For now, I’d like to go back to the cost-effectiveness of family physicians. The next concept of how they behave different from other physicians is that they are more likely to work up new symptoms in stages.

All of us know that there are perhaps 89 causes of chest pain. But if a physician sees a patient with a new symptom of chest pain, should he or she order 89 tests to cover all 89 possibilities?

Family physicians clearly say that the right answer is no. Judgment should be applied based on the underlying disease probabilities of the specific patient situation. A 69-year-old smoking diabetic patient with 2 hours of crushing sub-sternal chest pain should have different tests than an 18-year-old girl with sharp right-sided chest pain that lasts for seconds and only occurs when she takes a deep breath.

This is an example of the culture of family medicine that differs from the culture of U.S. medical schools and the broader medical establishment.
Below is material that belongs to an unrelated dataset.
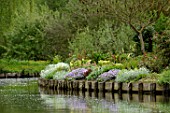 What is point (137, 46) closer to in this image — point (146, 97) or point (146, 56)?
point (146, 56)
How many pimping sessions from some egotistical ologist in medical school revolved around the trainee not ordering enough tests to cover some extreme zebra disease? It happens a lot.

Perhaps our definitions of medical error need to change as well. We need to be more tolerant of what some would call the error of the delayed diagnosis. The only alternative is to order every possible test at the first opportunity. This is not only wasteful, it is harmful as well. Labeling an episode of care as resulting in a delayed diagnosis assumes that an earlier diagnosis would have changed the outcome, which is most often not the case.

At least most family physicians understand this. Too bad most of the other American physicians, regulators, the legal system, and the bureaucrats don’t.